197 S.W.3d 325, 342-43 (Tex. 2006) (overruling Missouri Pac. R.R. v. Brownsville Navigation Dist., 453 S.W.2d 812
(Tex. 1970). Therefore, such language in section 51.075 of the Local Government Code and the Houston City Charter
cannot be the basis for ruling that the City's governmental immunity has been waived.
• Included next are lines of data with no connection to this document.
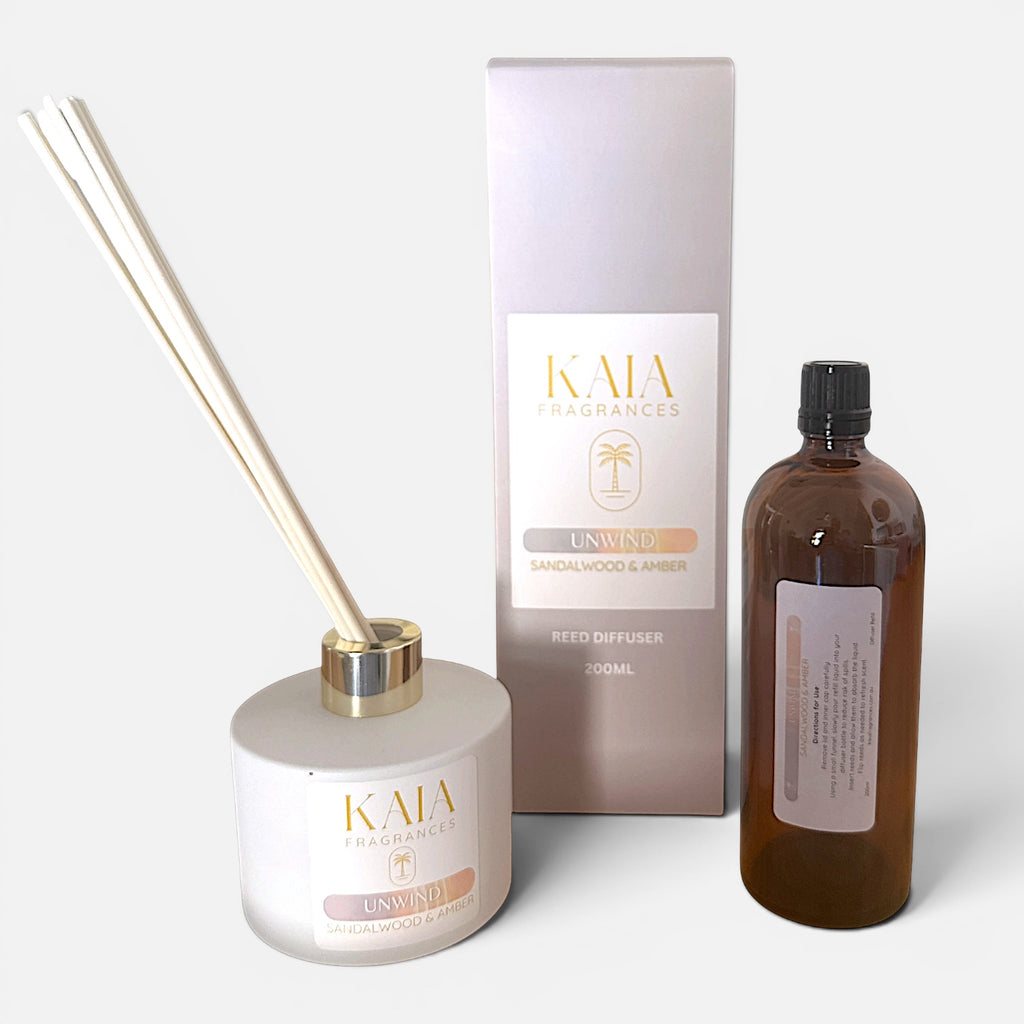KAIA Fragrances diffuser set with reeds, container, and refill bottle on a white background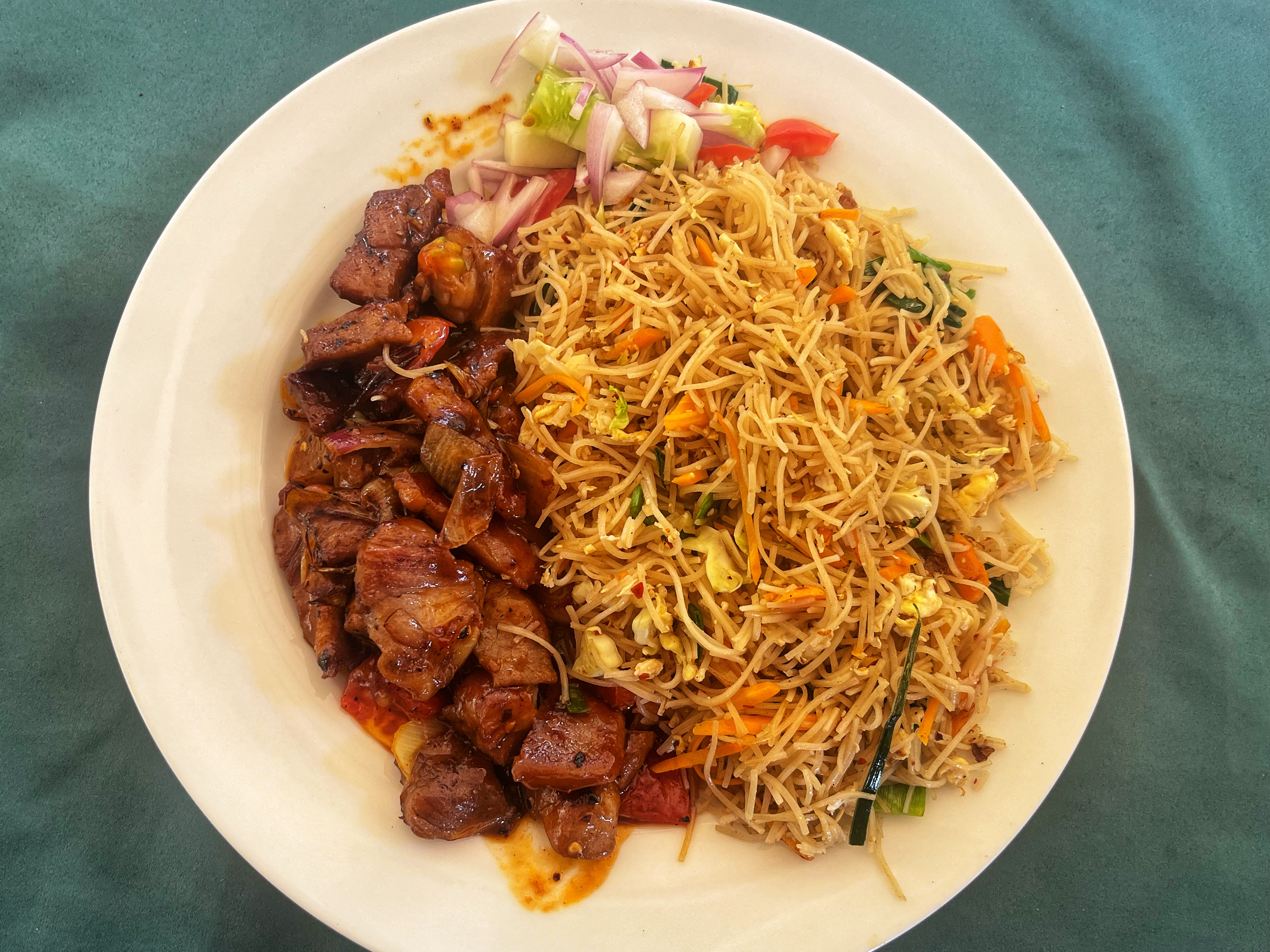 Sri Lankan deviled pork with noodles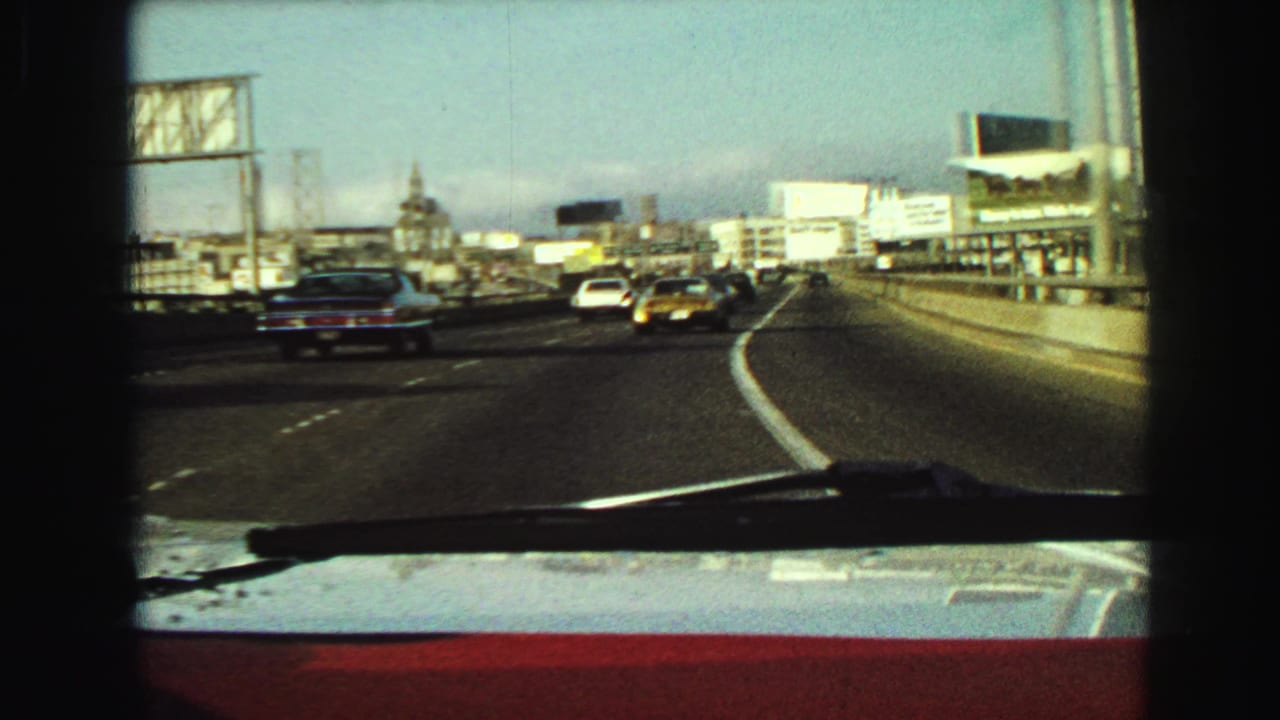 Traffic seen through a car windshield on a multi-lane urban highway with billboards ahead.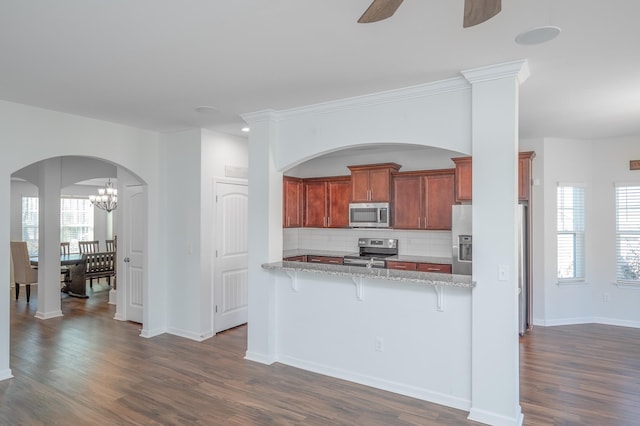 kitchen featuring stainless steel appliances, a healthy amount of sunlight, a kitchen breakfast bar, tasteful backsplash, and dark wood finished floors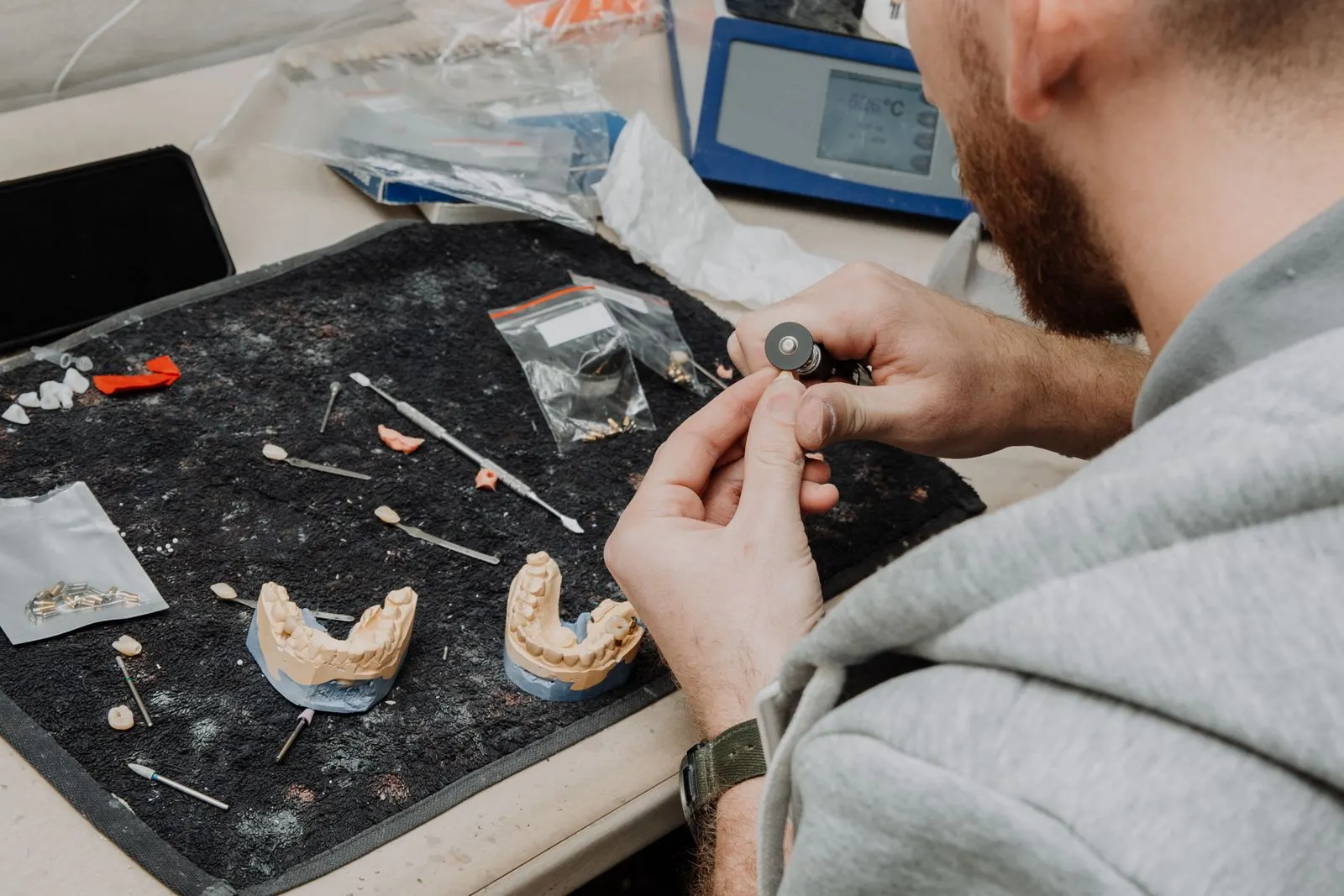 Dental technician working at the bench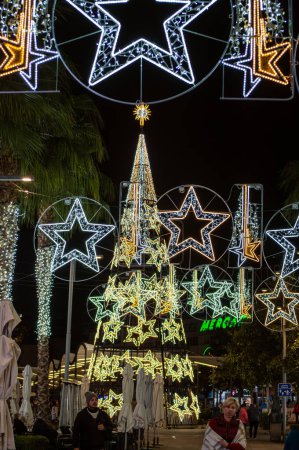 Photo for TORREMOLINOS, SPAIN - DECEMBER 14, 2023: Capture the festive charm of the Christmas lights and tree in Torremolinos, Spain on December 15, 2023 - Royalty Free Image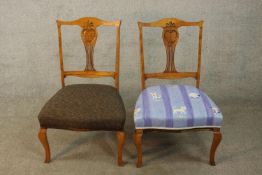 A matched pair of Edwardian walnut framed carved and pierced splat back nursing chairs with stuff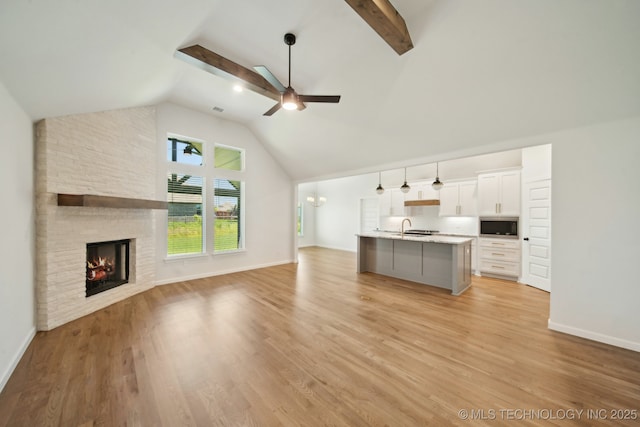 unfurnished living room featuring a sink, ceiling fan, high vaulted ceiling, a stone fireplace, and light wood-style flooring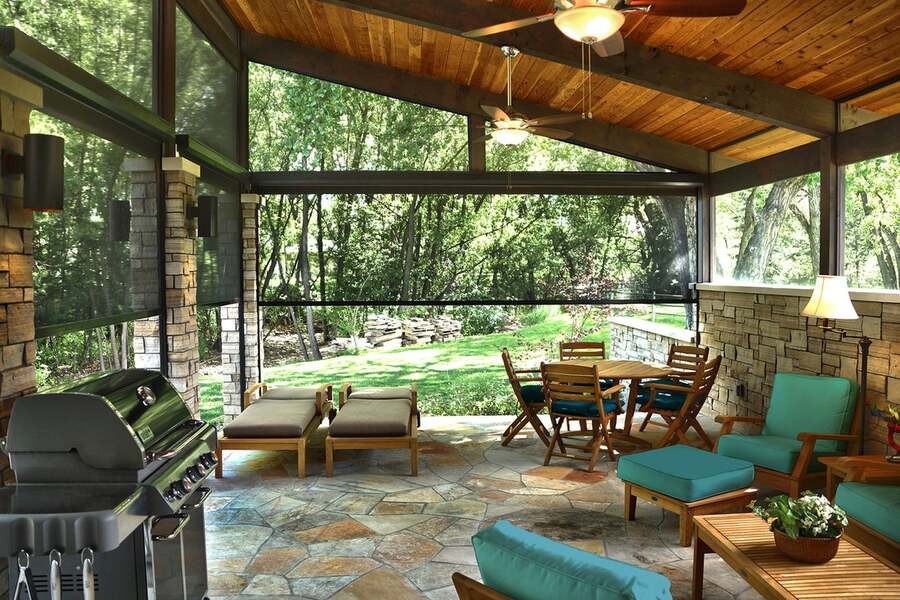 An outdoor porch area during the day with motorized shades and outdoor furniture.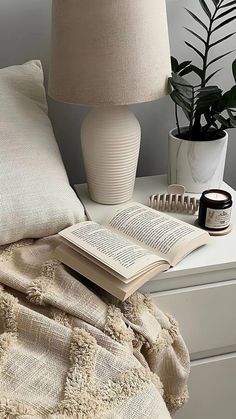 an open book sitting on top of a white table next to a lamp and potted plant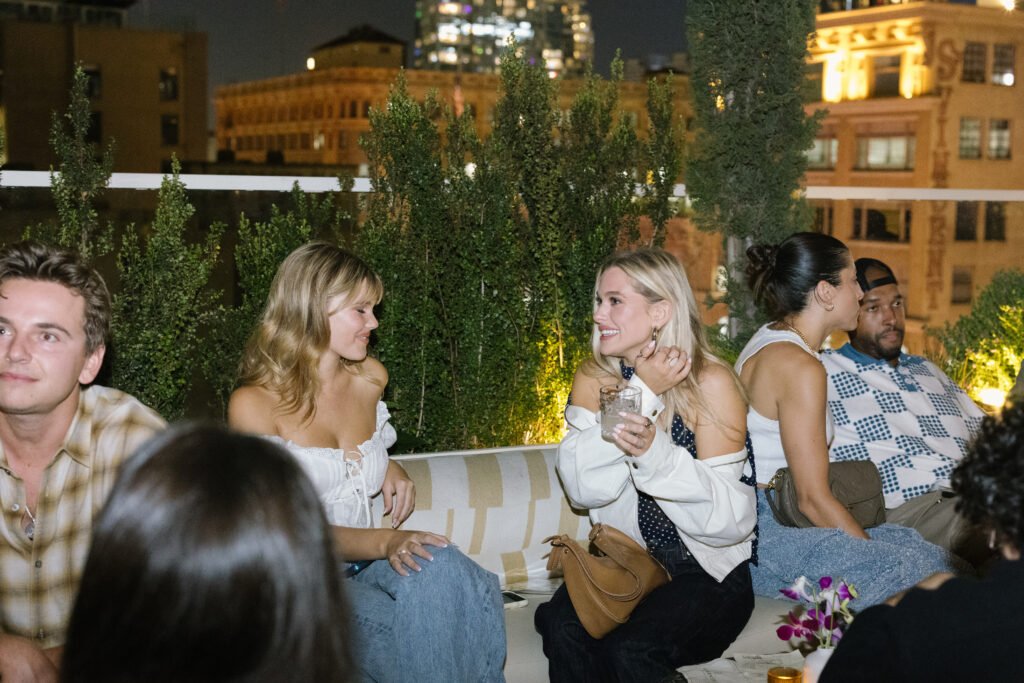 Two friends sharing drinks on the rooftop at night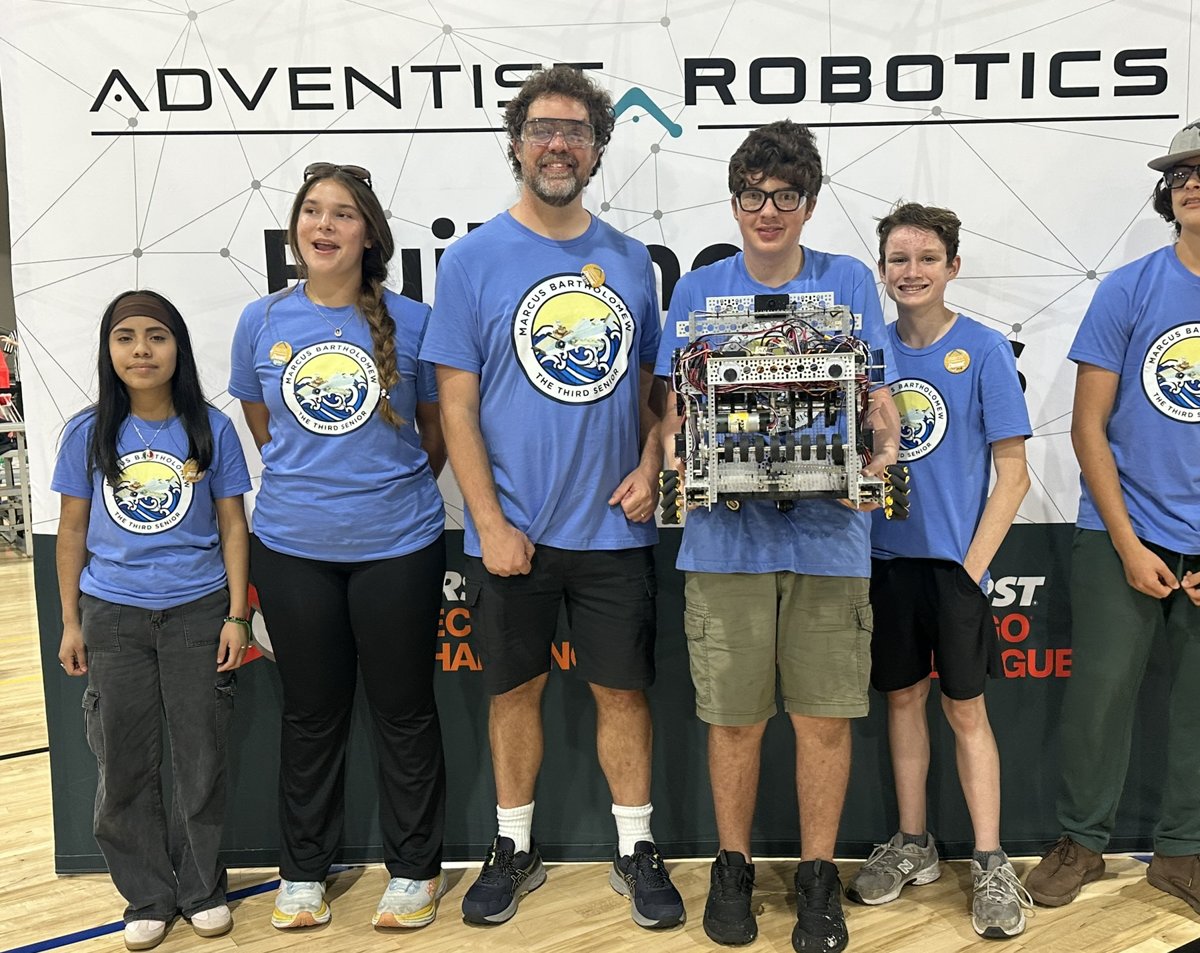 32314 Marcus Bartholomew the Third Senior team and robot after the League Championship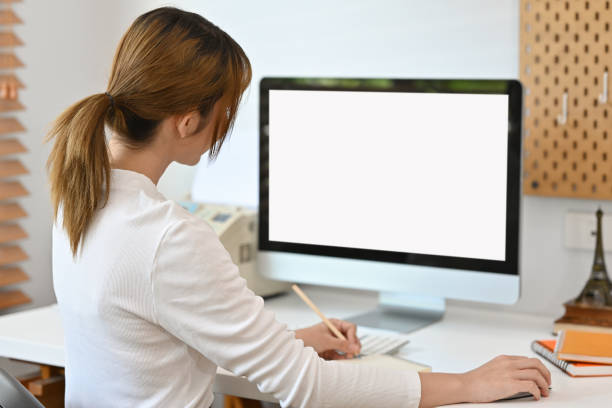 istock Rear view with female office worker using computer at her desk, Empty of device screen. 2162681489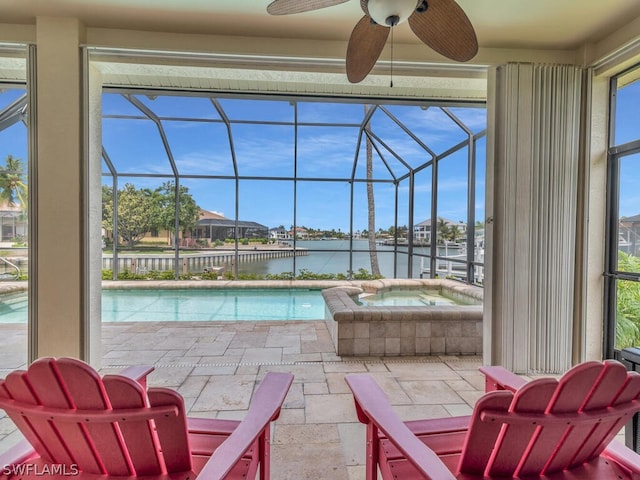 view of swimming pool featuring a lanai, ceiling fan, a water view, and an in ground hot tub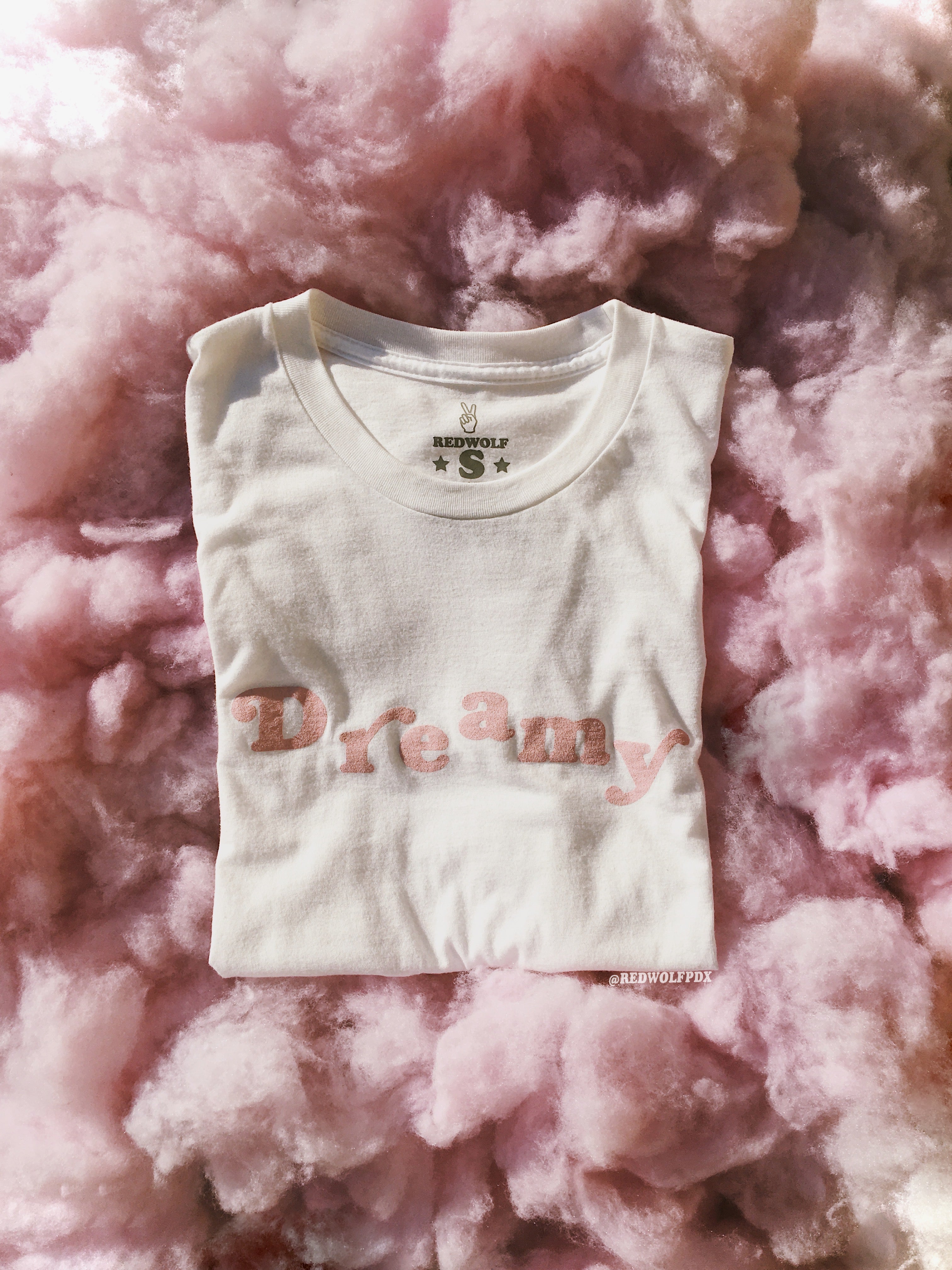 Folded white graphic tee with text 'Dreamy' in baby pink ink screen printed on front laying on fluffy pink cloud background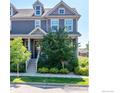 Attractive townhome with well-maintained landscaping, a charming porch, and a welcoming exterior at 1668 Saratoga Dr, Lafayette, CO 80026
However, in Tooke, the supreme court noted that the Legislature had recently enacted sections 271.151-.106 of the
Local Government Code, waiving immunity from suit for contract claims against most local governmental entities and
applying to contracts executed before the effective date of the act, unless immunity had been waived before the act
became effective. Tooke, 197 S.W.3d at 344-45. Although appellees urge this Court to decide this appeal based on
sections 271.151-.160, we conclude that the issue of the application of this statute should be fully developed in the trial
court. See City of Houston v. Clear Channel Outdoor, Inc., 197 S.W.3d 386 (Tex. 2006).
CONCLUSION
We reverse the trial court's order denying the City's plea to the jurisdiction and remand the case for further
proceedings.
Sam Nuchia
Justice
Panel consists of Chief Justice Radack and Justices Taft and Nuchia.
1. Sovereign immunity refers to the State's immunity from suit and liability and protects the State and the various
divisions of the State, including agencies, hospitals, and universities. Wichita Falls State Hosp. v. Taylor, 106 S.W.3d
692, 694 n.3 (Tex. 2003). Governmental immunity protects political subdivisions of the State, including counties,
cities, and school districts. Id. Thus, the doctrine applicable to the City of Houston is governmental immunity.
2. In its first issue, the City also complains that it is inconsistent to plead both breach of contract and quantum meruit.
However, SES's claim for quantum meruit is clearly an alternative pleading.